Transcribe exactly, and without pictures, only the lines from the one bearing "BROCA SDS PLUS 10X215 3 PUNTAS | Herrajes HE" through the final line of the data below.
————
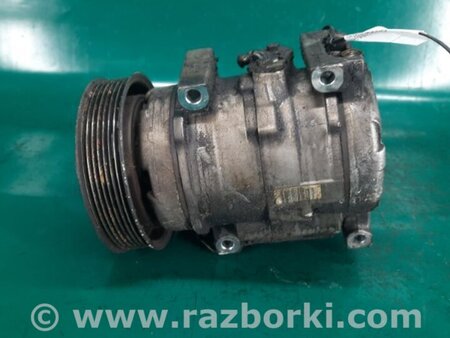 ФОТО Компрессор кондиционера для Toyota Camry 30 XV30 (09.2001-03.2006) Киев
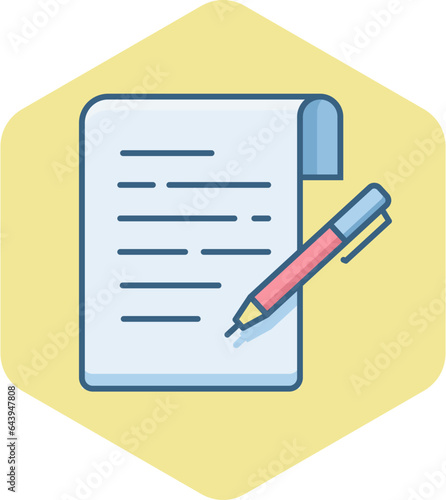 Writing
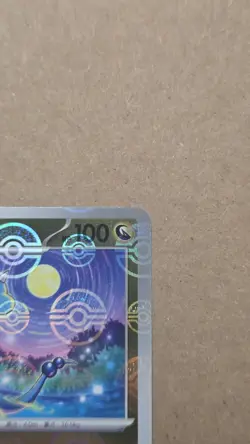 Dragonair - (Poke Ball Pattern) 148/165 Sv2a: Pokemon Card 151 Holo (Japanese) - Image 3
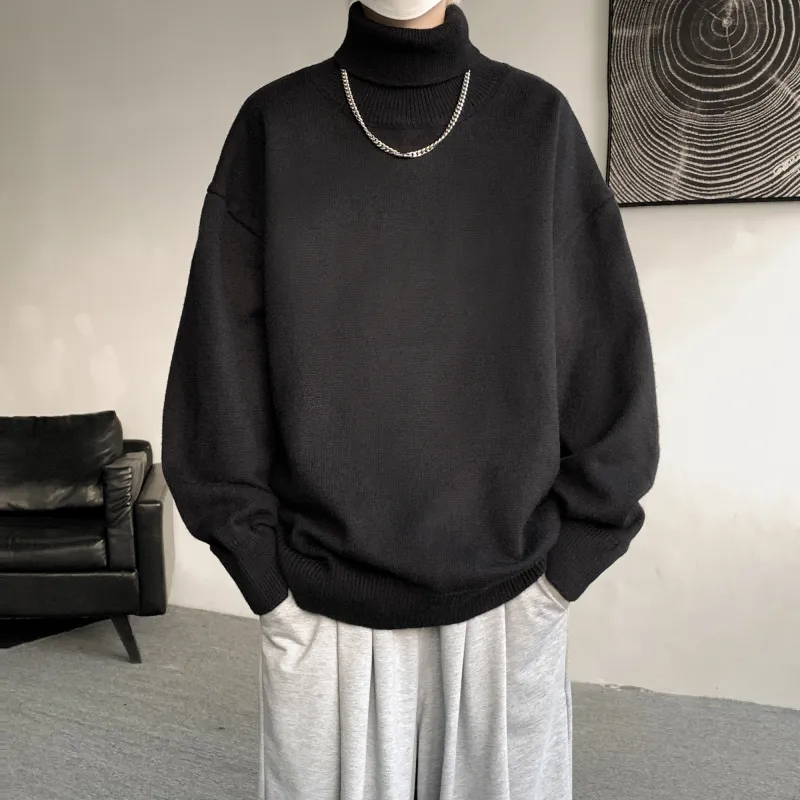 H.V.G.A Sweaters Unisex-10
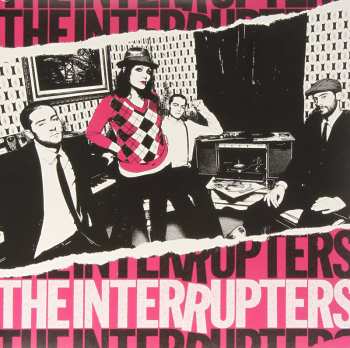 LP The Interrupters: The Interrupters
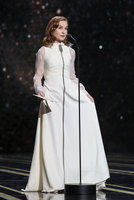 Isabelle Huppert Tank Top #3129586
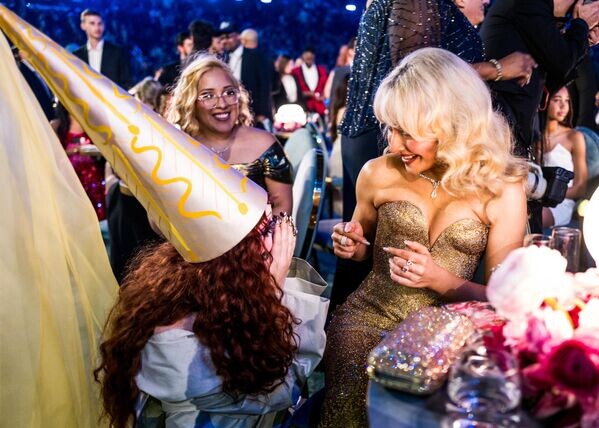 © Getty Images / John Shearer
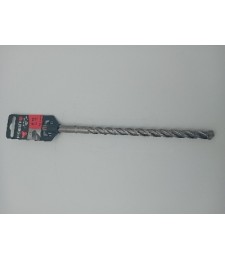 BROCA SDS PLUS 10X215 3 PUNTAS | Herrajes HE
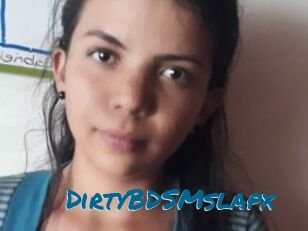 DirtyBDSMslapx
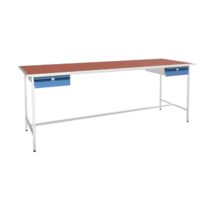 Стол лабораторный СЛ-05-03 - «globural.ru» - Нижневартовск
————
**ANSWER TO THIS PROBLEM**
 BROCA SDS PLUS 10X215 3 PUNTAS | Herrajes HE
 DirtyBDSMslapx
 Стол лабораторный СЛ-05-03 - «globural.ru» - Нижневартовск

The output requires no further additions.